Gabriel Rico : Durant mes études d’architecture, j’ai réalisé que la conception d’un bâtiment requerrait une mixité de plusieurs matériaux pour fournir une cohérence structurelle et suggérer une forme à la construction. Je pense que c’est le même principe qui guide la sélection des matériaux que j’utilise dans le développement de mes pièces.
- Qu’est-ce qui a inspiré ce langage artistique qui vous est propre ?
Gabriel Rico : Ma relation avec les objets et la signification qu’ils acquièrent quand je les transpose dans un autre contexte, une nouvelle situation qui dépasse leur logique fonctionnelle habituelle. Je m’inspire aussi de principes scientifiques et de certaines analogies philosophiques. La contemplation de la nature est, sans nul doute, l’une de mes plus constantes et solides sources d’inspiration.
- L’objet issu de la société de consommation contemporaine occupe une place récurrente dans vos pièces. En regard de courants artistiques majeurs comme le Pop art ou le Nouveau réalisme, comment situez-vous votre pratique ?

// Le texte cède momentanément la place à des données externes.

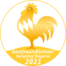 Logo Auszeichnung Goldener Gockel 2021 für die gastfreundlichsten Ferienhöfe Bayerns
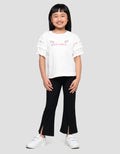 LITTLE M FLOWER WITH LACE 1 KAOS ANAK PEREMPUAN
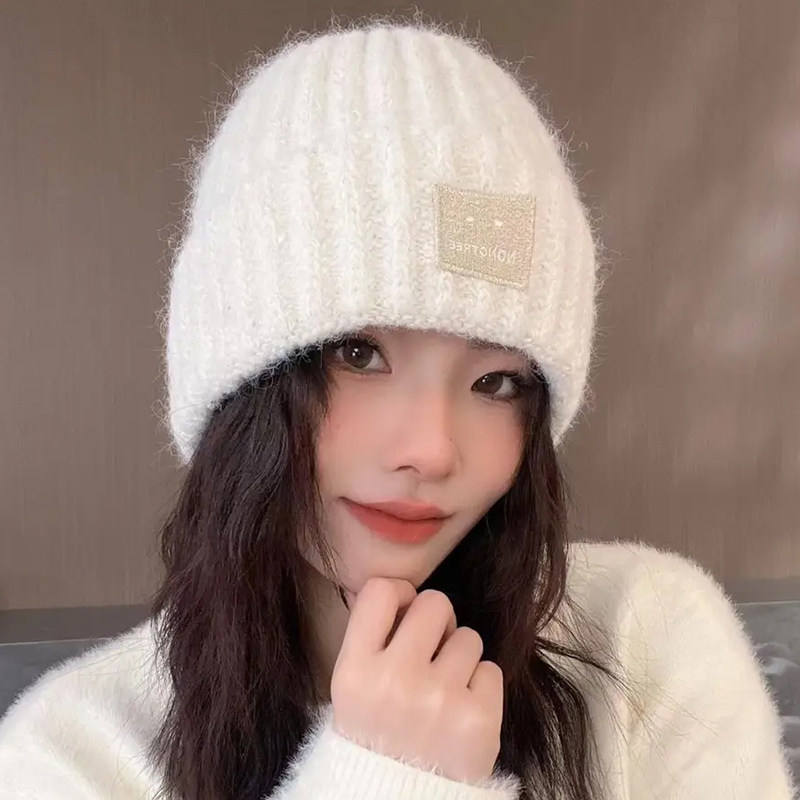 韩版亮丝毛线帽子女冬季大头围保暖针织帽新款显脸小气质护耳冷帽,服饰配件/皮带/帽子/围巾,帽子,淘宝优惠券,粉丝福利购,淘宝优惠卷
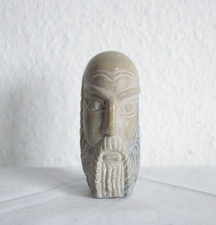 Skulptur Kopf Stein Figur im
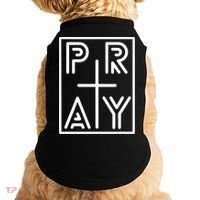 Funny Pray Christian Cross Religious Faith Jesus Lover Doggie Tank thumb 0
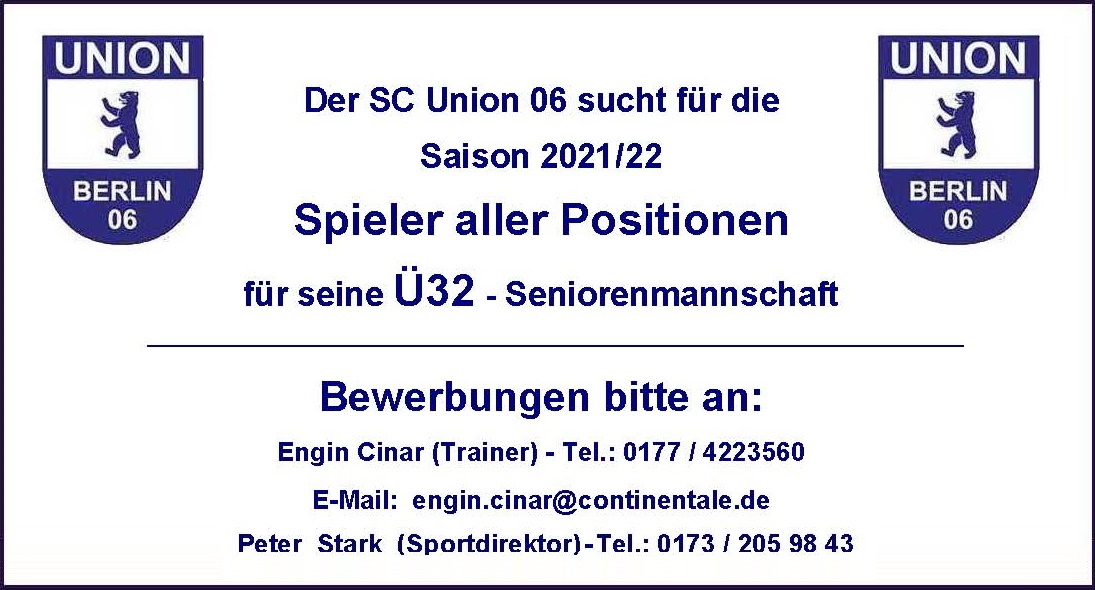 Anzeige Trainer 21 22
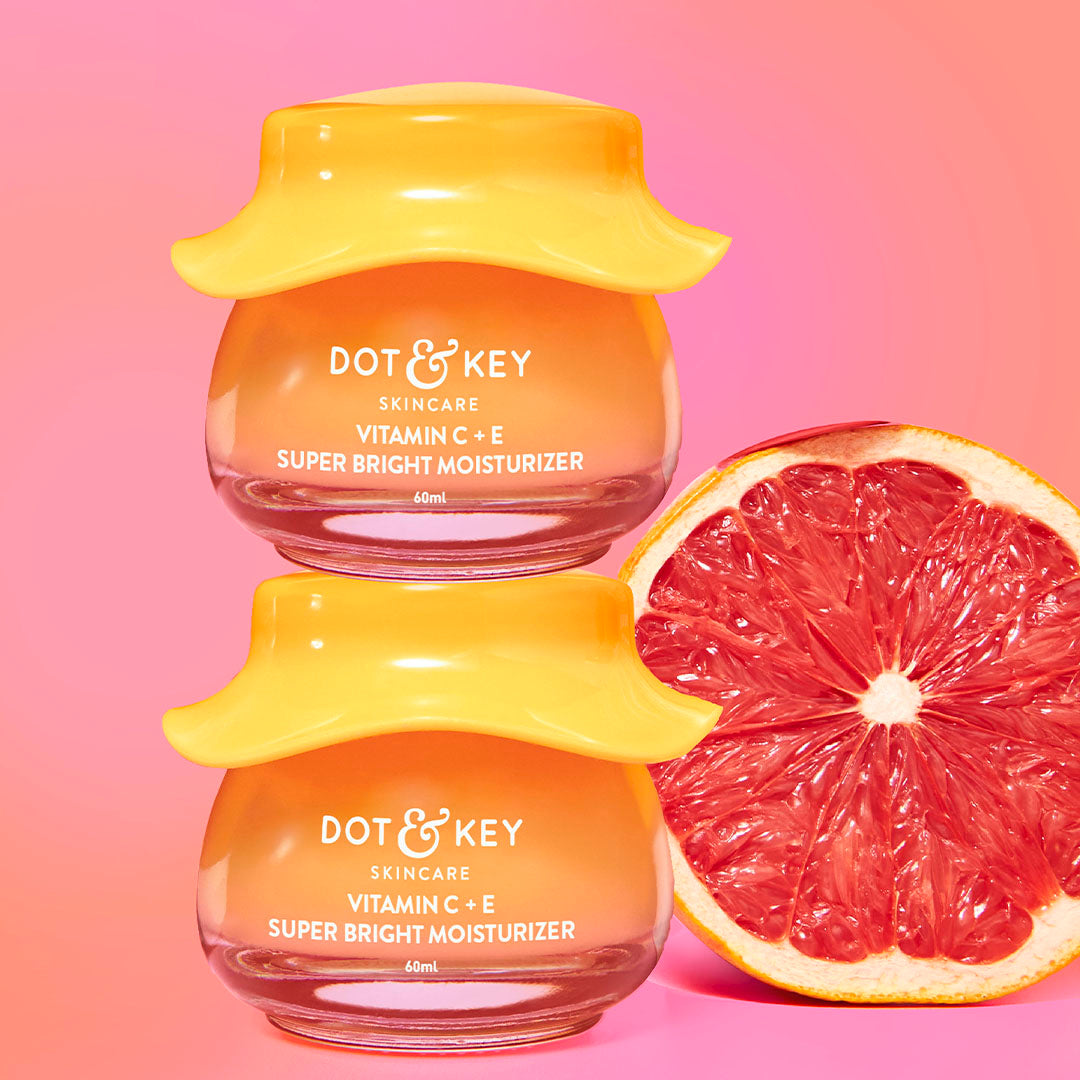 Dot & Key Vitamin C + E Moisturizer, Pack of 2 - 120ml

Gabriel Rico : L’art a cette particularité de pouvoir se référer à certains moments de l’histoire de l’humanité, et cela au moyen de thématiques traitées à travers des œuvres et des mouvements artistiques, en plus de matériaux spécifiques utilisés dans la production des œuvres. Ma pratique peut être lue telle qu’elle a été générée à un certain moment : par exemple, dans certaines pièces, j’utilise des polymères synthétiques — des plastiques — habituellement destinés à la fabrication d’accessoires de tous types. Autre exemple, si j’utilise un CD dans une pièce, cette dernière peut être perçue comme n’ayant pu être créée avant l’invention du CD. Si, dans cette même pièce, j’utilise un sac plastique biodégradable, la question « quand cette pièce a-t-elle été produite ? » est encore plus évidente ; je pense que c’est grâce à cela que l’on peut déceler plusieurs indices pour élaborer un critère spatio-temporel dans lequel s’inscrit la pièce produite. Bien évidemment, ces matériaux offrent aussi un contexte socio-culturel selon l’époque à laquelle ils ont été produits.

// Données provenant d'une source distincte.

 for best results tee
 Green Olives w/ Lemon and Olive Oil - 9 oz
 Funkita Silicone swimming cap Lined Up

- Au-delà de l’objet industriel, vous dressez également souvent des saynètes incluant des figures animales et végétales. Quelle(s) valeur(s) sémantique(s) établissez-vous à travers elles ?
Gabriel Rico : C’est une approche littérale d’une question qui me traverse constamment l’esprit : quelle est la relation actuelle entre l’Homme et la Nature ?

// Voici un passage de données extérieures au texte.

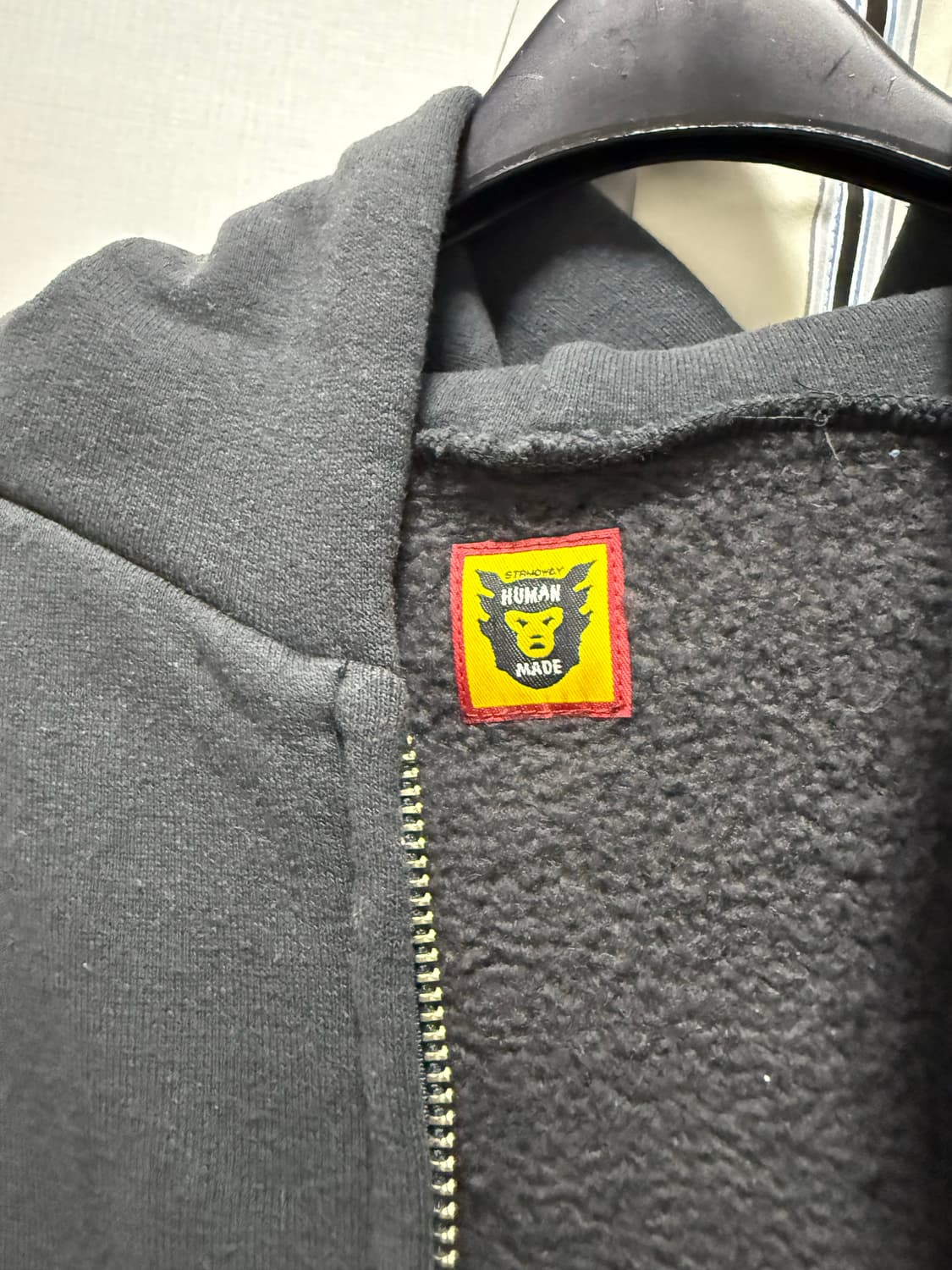 휴먼메이드 후드집업 블랙 L사이즈  상품이미지3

- Qu’il s’agisse d’addition et de multiplication d’objets, ou même de symétrie dans les formes, une certaine mathématique rythme votre travail. Votre méthode s’appuie-t-elle sur une logique arithmétique ou a contrario aléatoire ?
Gabriel Rico : Je lis en permanence des textes sur la physique et les mathématiques, et je fais cela de manière consciente de façon à étudier certains aspects scientifiques tels que la topologie ou différentes théories liées à de nouveaux symbolismes, de façon à exprimer certaines valeurs significatives présentes dans la nature. Par exemple, la lettre « C » représente la vitesse de la lumière. L’esthétique générée en créant de nouvelles équations ou formules avec lesquelles nous tentons de définir des facteurs essentiels de l’univers produit naturellement et obéit davantage aux exigences pratiques qu’aux exigences de composition. Ces dernières sont celles sur lesquelles je fonde la plupart des principes esthétiques présents dans mes œuvres. Pour moi, la logique utilisée dans la création d’une nouvelle équation bénéficie d’une certaine liberté idéologique pour se référer à des concepts jusqu’ici abstraits. Mes équations tentent de facturer et de décomposer l’être humain contemporain et se réfèrent à une mémoire collective. Dans cette voie, ma pratique s’apparente à une image bien plus viscérale de ce que nous sommes aujourd’hui.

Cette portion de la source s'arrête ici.